The Peninsula Research Institute for Marine Renewable Energy (PRIMaRE) has ordered eight Fugro Oceanor Seawatch Mini II buoys to form the core of an instrumentation network at the Wave Hub site off the South West of England.
The UK£28M Wave Hub project aims to create the UK’s first offshore facility for the demonstration and proving of arrays of wave energy generation devices (WECs). The Wave Hub facility will provide a well defined and monitored site with electrical connection to the onshore national grid. Four different proven commercial WEC manufacturers – Oceanlinx, Ocean Power Technologies Ltd, Fred Olsen and WestWave, a consortium of E.ON and Ocean Prospect Ltd – will each have a berth to connect a number of their devices to the Wave Hub’s sea bed ‘socket’ which is approximately 16 km offshore and at a depth of 50m.
PRIMaRE, which is directly linked to the Wave Hub project, is tasked to monitor and characterise the wave climate at the site. The eight directional wave sensor buoys will facilitate this with detailed coverage of the 2km by 4km deployment area. More significantly, as a part of an extensive but highly integrated system of oceanographic, meteorological and environmental monitoring equipment at the Wave Hub site, the buoy array will constitute a world leading facility giving researchers in wave energy a unique opportunity to work with much richer and detailed data sets.

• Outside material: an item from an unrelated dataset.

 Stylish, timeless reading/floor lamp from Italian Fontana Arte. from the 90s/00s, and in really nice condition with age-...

The buoy array will also be an important part of the Wave Hub’s infrastructure, feeding wave information to the WEC devices. In one mode of operation the buoys will be able to deliver synchronized live and continuous data streams that will allow a local description of the sea surface to be computed in near real time. This data can be provided as a live feed to the WEC devices to help optimize their energy output.

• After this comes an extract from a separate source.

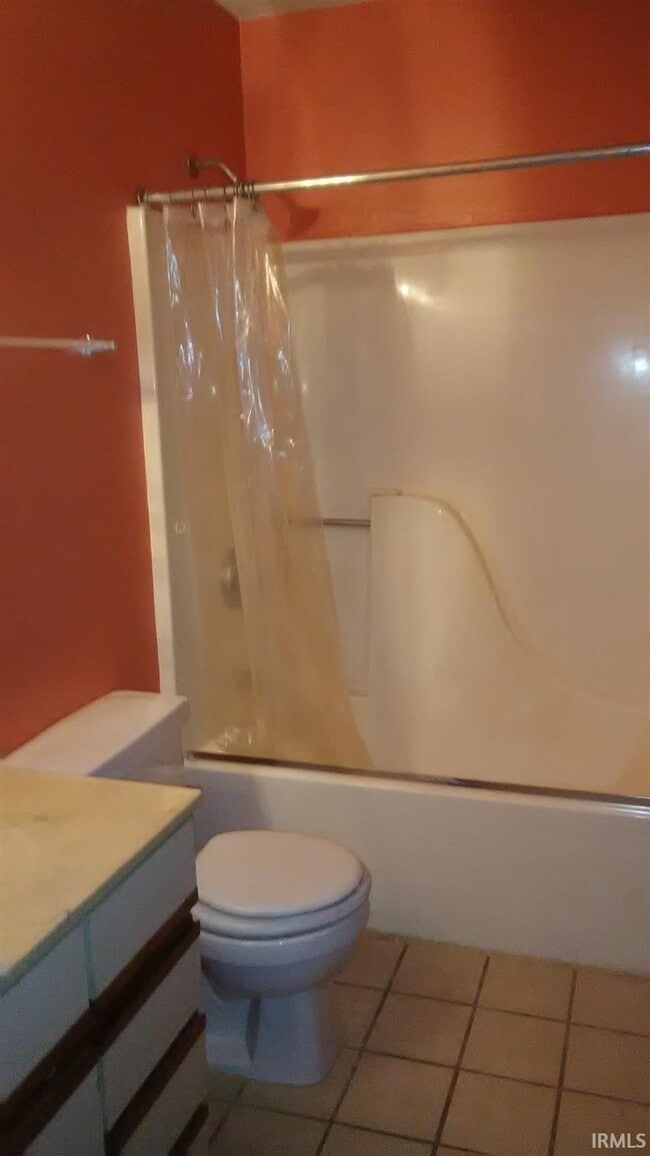 Building Photo - 402 S Village Ct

The Wave Hub project will cover an area of sea measuring 4km by 2km and each wave device developer will be granted a lease of between five and 10 years in an area of approximately 2km2. The water at the deployment site is approximately 50m deep.
Up to 30 wave energy devices are expected to be deployed at Wave Hub and will float on the surface of the sea. The project is expected to be operational in 2009.